Mayor
- In office 1919–1943
- Constituency: Bourges

Senator of the French Third Republic
- In office 1930–1943
- Constituency: Cher

Personal details
- Born: 20 February 1878 Vierzon, Cher, France
- Died: 10 October 1943 (aged 65) Bourges, Cher, France
- Occupation: Journalist

= Henri Laudier =

French journalist and politician

Henri Laudier (20 February 1878 - 10 October 1943) was a French journalist and politician.

== Biography ==
He was born at Vierzon, Cher department, France. In his early years he was a tailor and a town clerk before becoming a journalist. Laudier was the editor of Tocsin, a socialist weekly publication. He served the General Counsel of Bourges before becoming the mayor of Bourges from 1919 to 1943. He was a member of the French Section of the Workers' International (Section Française de l'Internationale Ouvrière) from 1919 to 1924. His book, Ce qu'est le parti socialiste was published in 1919 by SFIO's Librairie du parti socialiste.
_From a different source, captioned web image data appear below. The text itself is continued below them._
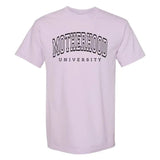 Motherhood University T-Shirt - Short Sleeve Design with Logo, Ideal for Casual Wear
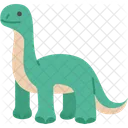 Dinosaur Jurassic Extinction Icon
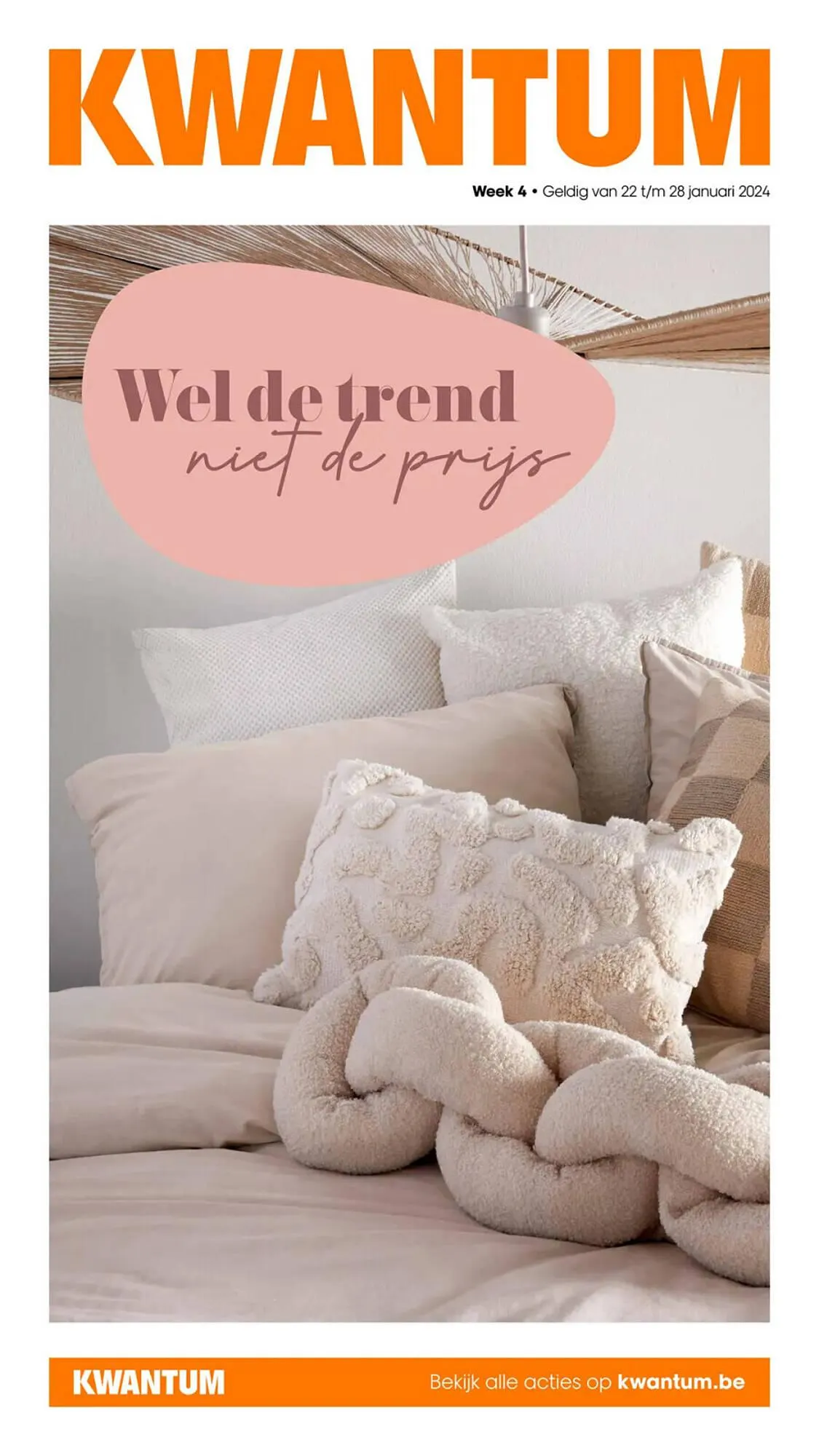 Kwantum folder van 22 januari tot 28 januari 2024 - folder pagina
Laudier was a member of the Chamber of Deputies (1919-1924).
He was a Senator of the French Third Republic representing Cher elected in 1930 and reelected 1939, with his term ending upon his death in 1943. On 10 July 1940, he voted as a Senator in favour of granting the cabinet presided by Marshal Philippe Pétain authority to draw up a new constitution, thereby effectively ending the French Third Republic and establishing Vichy France. He died in Bourges, Cher, France.